Copy out exactly the lines spanning the line with "beyaz babet - Görsel 4" to the line with "IF WE GET CAUGHT 30cm Metal", inclusive, from the data underneath, with no pictures.
***** DATA FOR REVIEW
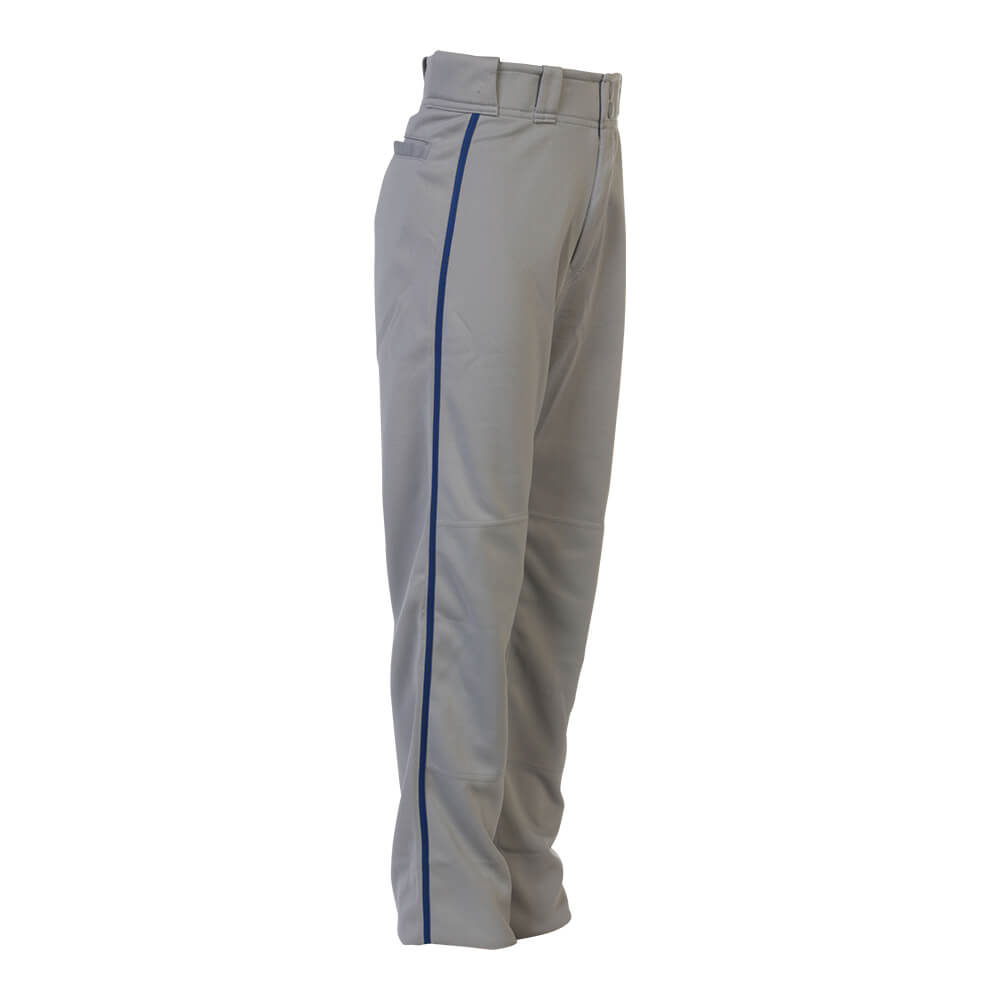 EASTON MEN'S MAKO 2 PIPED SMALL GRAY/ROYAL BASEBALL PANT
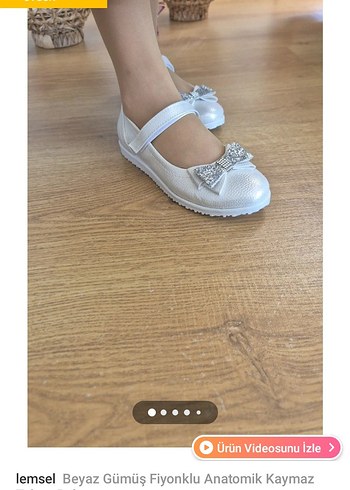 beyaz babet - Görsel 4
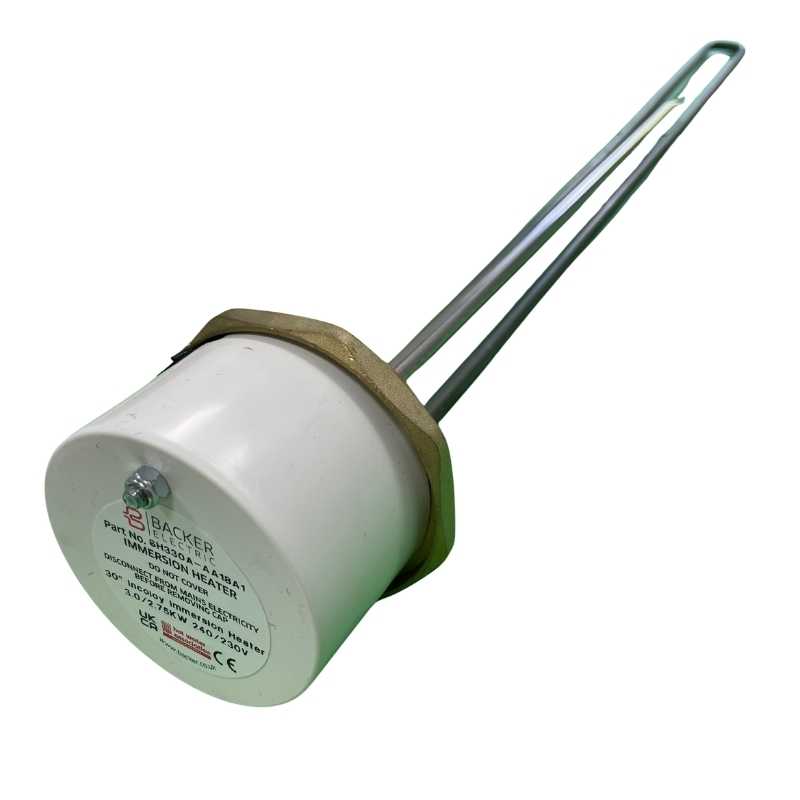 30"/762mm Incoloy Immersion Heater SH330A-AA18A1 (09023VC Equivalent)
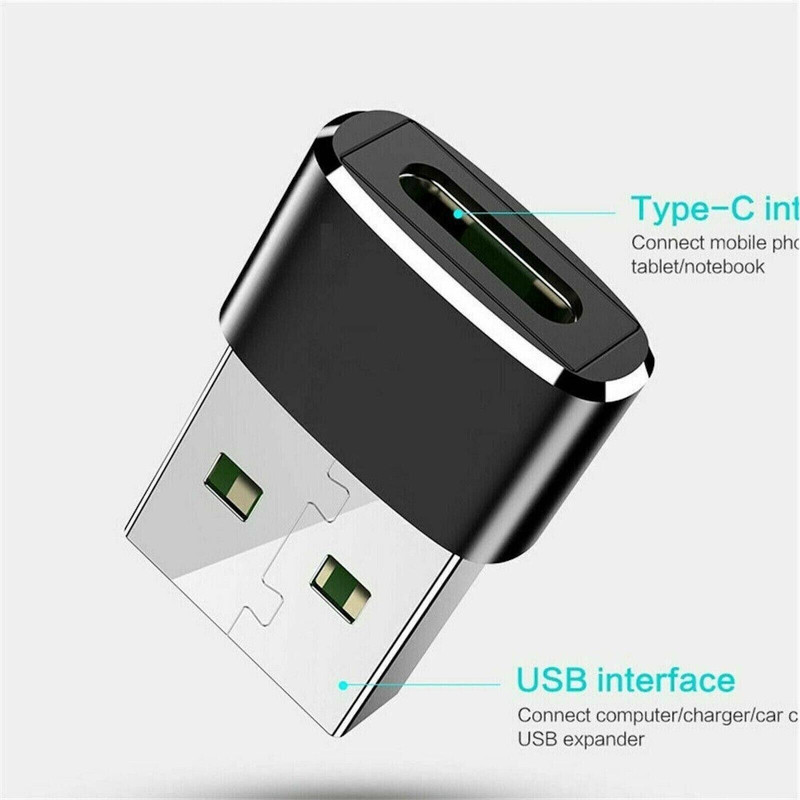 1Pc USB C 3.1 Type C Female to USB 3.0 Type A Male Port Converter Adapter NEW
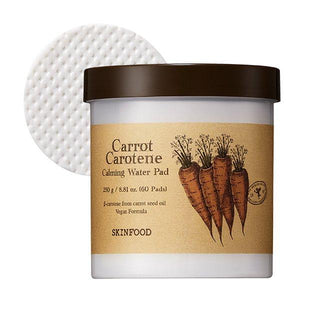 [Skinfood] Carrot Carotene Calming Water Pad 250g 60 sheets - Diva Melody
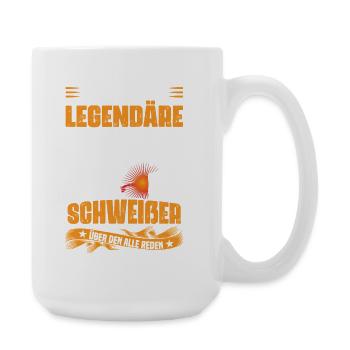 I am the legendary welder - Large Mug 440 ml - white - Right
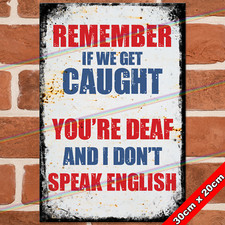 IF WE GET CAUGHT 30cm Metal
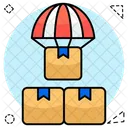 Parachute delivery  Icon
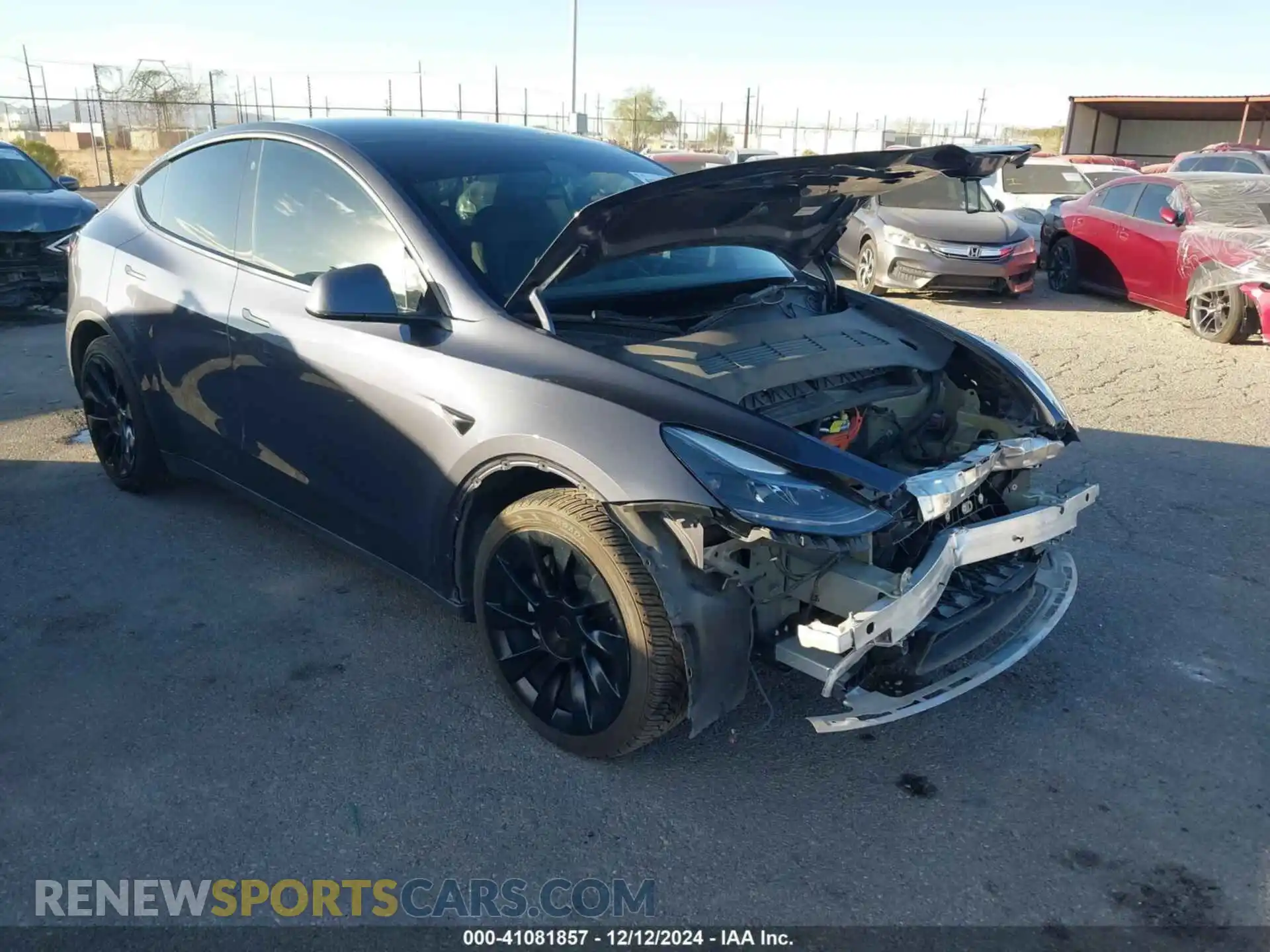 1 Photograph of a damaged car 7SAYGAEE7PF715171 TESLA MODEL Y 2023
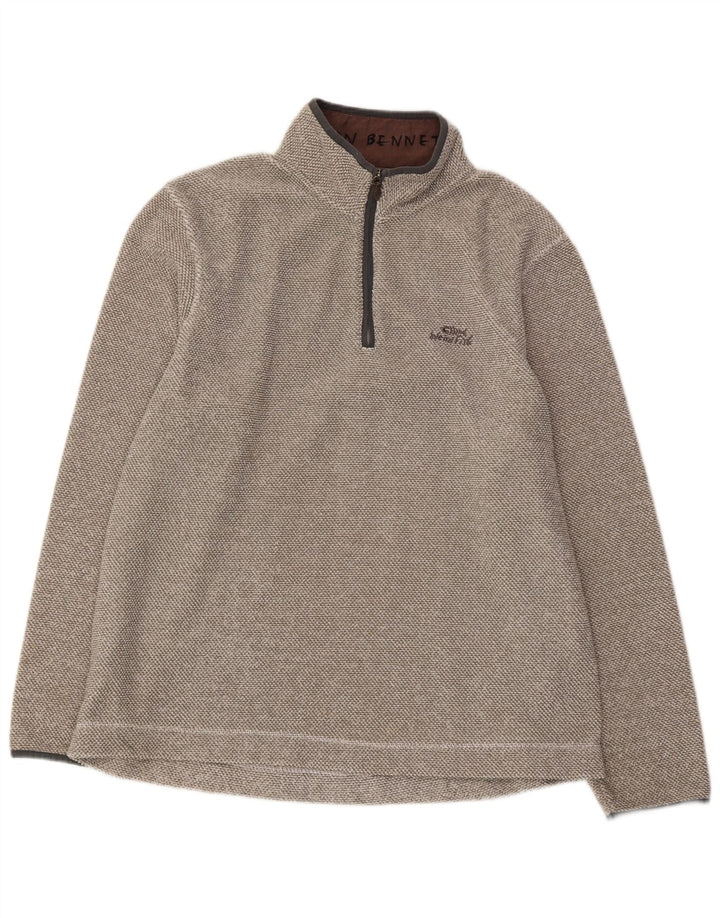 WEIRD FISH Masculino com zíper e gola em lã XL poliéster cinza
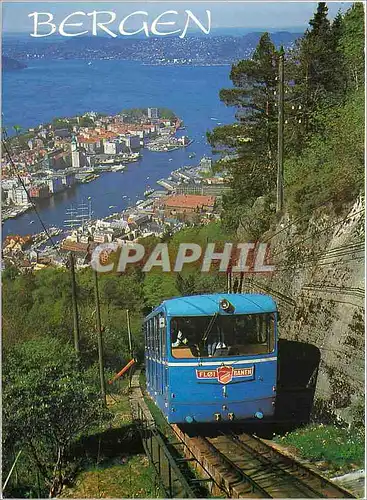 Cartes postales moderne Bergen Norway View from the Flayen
**********
* _TASK SOLUTION_
 beyaz babet - Görsel 4
 30"/762mm Incoloy Immersion Heater SH330A-AA18A1 (09023VC Equivalent)
 1Pc USB C 3.1 Type C Female to USB 3.0 Type A Male Port Converter Adapter NEW
 [Skinfood] Carrot Carotene Calming Water Pad 250g 60 sheets - Diva Melody
 I am the legendary welder - Large Mug 440 ml - white - Right
 IF WE GET CAUGHT 30cm Metal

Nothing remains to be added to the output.